Your goal »
From the data below, copy out every line in which the word "showing" occurs.

━━━ Data ━━━

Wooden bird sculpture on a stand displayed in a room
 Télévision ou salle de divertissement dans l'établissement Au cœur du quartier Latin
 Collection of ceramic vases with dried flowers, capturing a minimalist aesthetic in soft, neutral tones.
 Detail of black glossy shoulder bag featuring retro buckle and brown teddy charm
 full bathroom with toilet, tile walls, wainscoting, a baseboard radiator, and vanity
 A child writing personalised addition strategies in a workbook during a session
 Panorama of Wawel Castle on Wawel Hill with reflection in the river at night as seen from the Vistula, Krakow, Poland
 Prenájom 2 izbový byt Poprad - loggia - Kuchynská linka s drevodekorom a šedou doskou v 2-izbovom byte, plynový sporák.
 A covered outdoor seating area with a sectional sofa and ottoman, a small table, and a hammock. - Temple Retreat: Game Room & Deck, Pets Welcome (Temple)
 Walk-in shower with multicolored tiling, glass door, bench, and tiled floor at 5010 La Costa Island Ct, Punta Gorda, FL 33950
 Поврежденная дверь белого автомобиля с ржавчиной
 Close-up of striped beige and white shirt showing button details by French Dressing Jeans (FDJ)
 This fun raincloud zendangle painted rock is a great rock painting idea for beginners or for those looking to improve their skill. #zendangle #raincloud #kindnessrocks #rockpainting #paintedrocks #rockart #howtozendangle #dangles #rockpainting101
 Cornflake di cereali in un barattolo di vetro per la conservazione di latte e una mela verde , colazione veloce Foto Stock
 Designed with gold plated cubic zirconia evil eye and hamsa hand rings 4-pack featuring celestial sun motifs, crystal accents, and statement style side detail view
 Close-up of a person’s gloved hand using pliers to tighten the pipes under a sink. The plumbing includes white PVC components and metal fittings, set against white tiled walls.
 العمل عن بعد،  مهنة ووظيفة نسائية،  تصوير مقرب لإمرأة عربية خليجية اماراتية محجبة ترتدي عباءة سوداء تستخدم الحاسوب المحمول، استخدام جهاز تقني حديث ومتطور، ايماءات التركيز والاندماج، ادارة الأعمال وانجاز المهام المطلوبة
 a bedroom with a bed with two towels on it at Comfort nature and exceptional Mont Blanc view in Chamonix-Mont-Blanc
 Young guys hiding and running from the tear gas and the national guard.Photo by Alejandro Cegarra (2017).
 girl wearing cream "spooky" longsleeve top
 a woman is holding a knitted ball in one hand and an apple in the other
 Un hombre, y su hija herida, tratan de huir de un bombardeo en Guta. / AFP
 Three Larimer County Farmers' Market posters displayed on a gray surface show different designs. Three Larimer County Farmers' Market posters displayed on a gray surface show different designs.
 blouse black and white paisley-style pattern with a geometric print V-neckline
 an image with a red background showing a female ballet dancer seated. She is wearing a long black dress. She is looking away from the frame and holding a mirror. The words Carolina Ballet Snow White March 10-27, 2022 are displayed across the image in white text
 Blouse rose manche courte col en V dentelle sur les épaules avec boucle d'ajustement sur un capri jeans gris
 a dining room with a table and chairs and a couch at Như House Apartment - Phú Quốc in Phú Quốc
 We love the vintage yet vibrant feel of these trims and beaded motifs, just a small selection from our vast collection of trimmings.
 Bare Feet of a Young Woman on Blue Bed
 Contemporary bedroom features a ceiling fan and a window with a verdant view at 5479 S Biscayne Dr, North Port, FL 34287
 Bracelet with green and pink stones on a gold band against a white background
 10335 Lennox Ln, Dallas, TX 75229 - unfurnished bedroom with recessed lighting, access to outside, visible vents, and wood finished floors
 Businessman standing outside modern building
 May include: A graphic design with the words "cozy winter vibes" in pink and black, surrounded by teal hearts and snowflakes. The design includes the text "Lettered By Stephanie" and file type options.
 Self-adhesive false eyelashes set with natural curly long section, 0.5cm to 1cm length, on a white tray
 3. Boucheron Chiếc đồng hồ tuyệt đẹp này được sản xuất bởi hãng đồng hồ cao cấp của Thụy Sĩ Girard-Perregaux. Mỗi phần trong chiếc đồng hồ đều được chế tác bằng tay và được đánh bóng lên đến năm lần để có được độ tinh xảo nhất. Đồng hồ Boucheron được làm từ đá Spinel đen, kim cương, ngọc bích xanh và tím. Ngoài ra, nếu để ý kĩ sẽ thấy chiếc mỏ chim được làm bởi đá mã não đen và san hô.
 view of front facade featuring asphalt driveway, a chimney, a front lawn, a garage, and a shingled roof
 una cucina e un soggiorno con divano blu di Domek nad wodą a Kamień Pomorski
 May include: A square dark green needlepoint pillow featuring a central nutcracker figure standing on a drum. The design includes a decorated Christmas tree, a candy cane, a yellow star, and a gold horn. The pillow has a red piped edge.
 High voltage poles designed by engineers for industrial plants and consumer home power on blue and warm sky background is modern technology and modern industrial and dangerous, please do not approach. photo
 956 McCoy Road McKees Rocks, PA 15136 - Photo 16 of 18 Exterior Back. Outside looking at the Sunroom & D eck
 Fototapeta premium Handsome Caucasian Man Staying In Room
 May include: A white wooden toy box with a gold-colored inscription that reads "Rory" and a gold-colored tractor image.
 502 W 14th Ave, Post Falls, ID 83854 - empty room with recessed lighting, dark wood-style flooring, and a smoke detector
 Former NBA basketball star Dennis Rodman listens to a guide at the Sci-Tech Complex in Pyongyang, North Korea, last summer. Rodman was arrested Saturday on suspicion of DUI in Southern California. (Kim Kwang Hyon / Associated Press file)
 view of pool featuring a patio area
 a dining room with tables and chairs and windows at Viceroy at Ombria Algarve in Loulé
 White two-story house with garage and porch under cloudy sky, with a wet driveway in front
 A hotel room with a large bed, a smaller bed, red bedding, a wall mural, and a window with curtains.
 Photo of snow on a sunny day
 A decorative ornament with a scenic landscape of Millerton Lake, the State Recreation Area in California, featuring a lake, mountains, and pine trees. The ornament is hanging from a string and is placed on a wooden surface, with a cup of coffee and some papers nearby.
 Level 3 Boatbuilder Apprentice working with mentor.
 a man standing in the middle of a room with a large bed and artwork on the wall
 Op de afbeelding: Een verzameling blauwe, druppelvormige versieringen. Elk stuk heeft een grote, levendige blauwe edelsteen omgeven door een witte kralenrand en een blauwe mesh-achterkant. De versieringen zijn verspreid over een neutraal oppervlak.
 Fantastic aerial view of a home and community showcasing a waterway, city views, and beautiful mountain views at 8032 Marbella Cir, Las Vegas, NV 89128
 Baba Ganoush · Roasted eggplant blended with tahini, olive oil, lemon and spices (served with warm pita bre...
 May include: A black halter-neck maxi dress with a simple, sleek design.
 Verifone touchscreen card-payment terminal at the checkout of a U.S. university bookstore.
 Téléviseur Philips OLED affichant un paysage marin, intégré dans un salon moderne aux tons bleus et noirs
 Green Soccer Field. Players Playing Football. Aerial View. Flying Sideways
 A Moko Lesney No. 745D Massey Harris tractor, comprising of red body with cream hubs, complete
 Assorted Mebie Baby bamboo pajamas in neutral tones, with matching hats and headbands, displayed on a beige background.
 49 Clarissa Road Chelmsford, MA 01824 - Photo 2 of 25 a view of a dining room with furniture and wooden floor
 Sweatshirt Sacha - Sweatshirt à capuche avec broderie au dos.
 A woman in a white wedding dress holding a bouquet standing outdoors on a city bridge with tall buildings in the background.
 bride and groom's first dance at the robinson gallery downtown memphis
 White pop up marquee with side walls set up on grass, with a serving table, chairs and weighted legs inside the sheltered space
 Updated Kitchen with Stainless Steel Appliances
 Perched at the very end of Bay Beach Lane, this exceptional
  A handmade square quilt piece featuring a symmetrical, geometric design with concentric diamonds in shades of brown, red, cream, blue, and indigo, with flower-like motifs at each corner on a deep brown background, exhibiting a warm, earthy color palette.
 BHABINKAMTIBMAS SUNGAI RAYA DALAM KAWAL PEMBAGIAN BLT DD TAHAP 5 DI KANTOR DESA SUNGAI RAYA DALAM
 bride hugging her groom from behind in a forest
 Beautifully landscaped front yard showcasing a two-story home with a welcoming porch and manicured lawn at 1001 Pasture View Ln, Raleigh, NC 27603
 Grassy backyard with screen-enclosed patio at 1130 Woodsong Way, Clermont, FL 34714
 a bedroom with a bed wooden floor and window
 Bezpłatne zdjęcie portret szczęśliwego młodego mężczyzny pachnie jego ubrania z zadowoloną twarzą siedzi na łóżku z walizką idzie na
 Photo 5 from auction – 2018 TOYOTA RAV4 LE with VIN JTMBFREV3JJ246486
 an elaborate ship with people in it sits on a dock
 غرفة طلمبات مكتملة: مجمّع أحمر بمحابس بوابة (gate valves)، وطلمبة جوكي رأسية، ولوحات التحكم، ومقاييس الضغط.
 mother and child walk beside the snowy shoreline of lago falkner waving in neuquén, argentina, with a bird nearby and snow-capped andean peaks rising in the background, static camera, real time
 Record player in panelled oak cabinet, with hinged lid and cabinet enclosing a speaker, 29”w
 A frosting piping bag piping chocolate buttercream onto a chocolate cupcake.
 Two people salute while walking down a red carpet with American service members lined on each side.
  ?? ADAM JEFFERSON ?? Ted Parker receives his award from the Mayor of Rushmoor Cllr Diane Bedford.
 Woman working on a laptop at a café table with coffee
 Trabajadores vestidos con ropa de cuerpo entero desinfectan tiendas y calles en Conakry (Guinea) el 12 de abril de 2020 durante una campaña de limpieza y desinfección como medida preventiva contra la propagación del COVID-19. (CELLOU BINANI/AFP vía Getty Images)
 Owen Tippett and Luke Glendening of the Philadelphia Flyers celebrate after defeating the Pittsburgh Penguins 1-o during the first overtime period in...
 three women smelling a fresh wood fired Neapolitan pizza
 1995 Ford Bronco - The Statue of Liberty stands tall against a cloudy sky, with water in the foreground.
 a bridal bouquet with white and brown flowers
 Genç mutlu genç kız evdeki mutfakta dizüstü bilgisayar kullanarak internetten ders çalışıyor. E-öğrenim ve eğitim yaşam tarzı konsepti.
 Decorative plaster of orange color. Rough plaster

━━━

The answer »
 Close-up of striped beige and white shirt showing button details by French Dressing Jeans (FDJ)
 an image with a red background showing a female ballet dancer seated. She is wearing a long black dress. She is looking away from the frame and holding a mirror. The words Carolina Ballet Snow White March 10-27, 2022 are displayed across the image in white text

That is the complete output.